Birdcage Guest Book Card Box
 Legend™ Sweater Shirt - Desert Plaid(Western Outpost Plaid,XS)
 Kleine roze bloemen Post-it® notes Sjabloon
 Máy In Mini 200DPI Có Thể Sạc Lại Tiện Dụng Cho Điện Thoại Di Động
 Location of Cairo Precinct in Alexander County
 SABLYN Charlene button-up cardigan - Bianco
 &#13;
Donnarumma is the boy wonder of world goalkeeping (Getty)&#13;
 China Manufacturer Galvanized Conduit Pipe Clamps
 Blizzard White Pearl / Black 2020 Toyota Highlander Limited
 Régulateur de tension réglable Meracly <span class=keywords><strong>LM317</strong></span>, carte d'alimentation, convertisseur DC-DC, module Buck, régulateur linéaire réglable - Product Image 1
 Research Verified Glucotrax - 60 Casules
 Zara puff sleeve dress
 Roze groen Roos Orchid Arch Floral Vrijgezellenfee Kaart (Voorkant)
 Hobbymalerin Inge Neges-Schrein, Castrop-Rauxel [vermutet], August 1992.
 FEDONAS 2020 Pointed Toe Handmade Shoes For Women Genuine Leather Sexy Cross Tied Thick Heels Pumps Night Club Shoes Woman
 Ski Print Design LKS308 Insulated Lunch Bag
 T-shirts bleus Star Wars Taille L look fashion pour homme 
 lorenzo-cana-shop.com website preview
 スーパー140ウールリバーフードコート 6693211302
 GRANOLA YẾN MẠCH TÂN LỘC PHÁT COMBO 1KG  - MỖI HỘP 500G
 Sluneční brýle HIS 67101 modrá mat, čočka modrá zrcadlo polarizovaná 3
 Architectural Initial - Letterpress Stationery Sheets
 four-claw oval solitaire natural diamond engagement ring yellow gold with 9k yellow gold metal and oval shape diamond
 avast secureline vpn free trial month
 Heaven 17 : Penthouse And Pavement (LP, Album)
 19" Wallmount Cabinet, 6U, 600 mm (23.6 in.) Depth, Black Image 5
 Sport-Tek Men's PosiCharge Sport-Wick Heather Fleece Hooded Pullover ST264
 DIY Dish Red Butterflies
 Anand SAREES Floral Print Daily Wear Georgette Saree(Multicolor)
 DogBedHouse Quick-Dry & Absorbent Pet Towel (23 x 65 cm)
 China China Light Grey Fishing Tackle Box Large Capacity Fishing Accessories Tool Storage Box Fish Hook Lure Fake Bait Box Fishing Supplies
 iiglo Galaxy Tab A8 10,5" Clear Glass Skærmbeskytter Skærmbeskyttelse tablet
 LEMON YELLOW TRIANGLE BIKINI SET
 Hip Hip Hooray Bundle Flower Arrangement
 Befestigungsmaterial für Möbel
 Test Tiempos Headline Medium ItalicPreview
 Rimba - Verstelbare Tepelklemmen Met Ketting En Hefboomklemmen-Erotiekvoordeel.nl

### BRIEF
Output the line that contains "China China Light", followed by every later line in the listing, with no line omitted and none added.

### SOLUTION TO THIS PROBLEM
 China China Light Grey Fishing Tackle Box Large Capacity Fishing Accessories Tool Storage Box Fish Hook Lure Fake Bait Box Fishing Supplies
 iiglo Galaxy Tab A8 10,5" Clear Glass Skærmbeskytter Skærmbeskyttelse tablet
 LEMON YELLOW TRIANGLE BIKINI SET
 Hip Hip Hooray Bundle Flower Arrangement
 Befestigungsmaterial für Möbel
 Test Tiempos Headline Medium ItalicPreview
 Rimba - Verstelbare Tepelklemmen Met Ketting En Hefboomklemmen-Erotiekvoordeel.nl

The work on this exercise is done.